SMPS 230VAC-12V/0,5A

Thread Starter

rime8855

Joined May 26, 2014
2
Hi,

I tried to build a SMPS converter with the NCP1013-130kHz using a Wurth transformer 7491181112 (which indicated it was intended for the NCP1013-130kHz). It does not have an auxiliary winding, but charges a capacitor on its power supply with an internal "current channel". I have used buck and boost, sepic controller earlier, but never SMPS, so a simply copied the reference design in the NCP1013 datasheet as a starting point. Once done I connected it to the 230VAC outlet and got a very "weak" and pulsing output. I expected 12V but got some 3V (and pulsing). When I unplugged it from the wall it took some 1s and then I got a nice stable 12V for about 1s and then it died. In the data sheet they mentioned a mechanism to detect overcurrent which would shutdown the controller and then try to restart. I connected the converter to 180VDC and then in worked fine. I get the impression that the inductance in the primary winding is to low (it is 2.8mH). Given U/L = dI/dt I set dt to half the clock period (1/(2*130kHz). U was 308V (230VAC) and I is 2,8mH. That gave me dI = 423mA, which is over the limit for the NCP1013 (350mA is max). At 180V I get 247mA, which is ok. I put a series resistor (4,7kohm) on the power inlet and then in worked at 230VAC too.

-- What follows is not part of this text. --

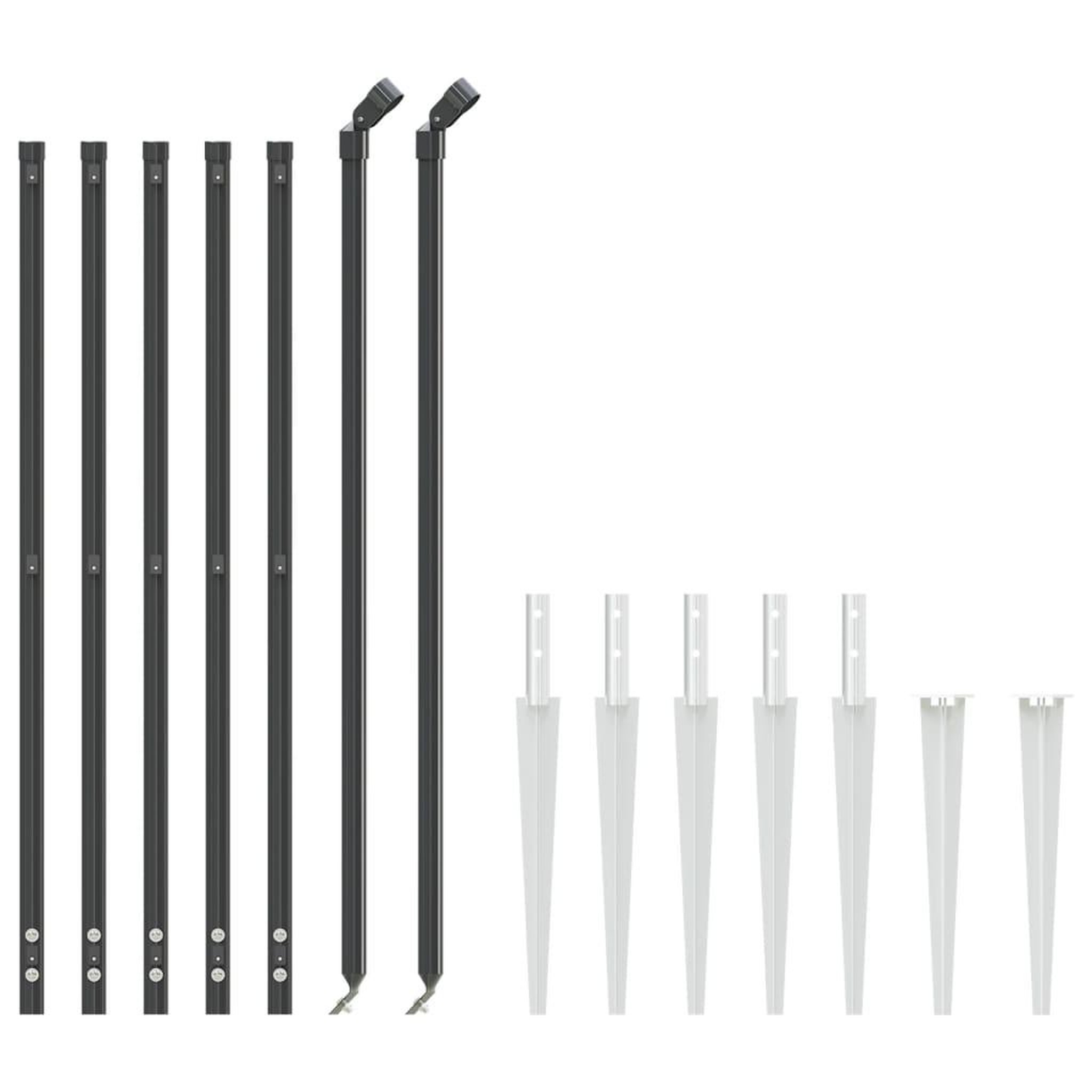 Voir la diapositive 3 : VIDAXL Cloture en treillis metallique et ancrage anthracite 1x10 m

I am a bit confused why the reference design did not work even though I used the component values suggested and a transformer where voltage levels (80V-385V), SMPS controller (NCP101x), and switching frequency 130kHz indicated it would work. Maybe they only tried it at 120VAC.

What I am missing here?
I series resistor that large does not seem ideal.

/R
 

LowQCab

Joined Nov 6, 2012
4,311
What are You trying to accomplish ?
A ~$3.oo Wall-Wort will do what You want.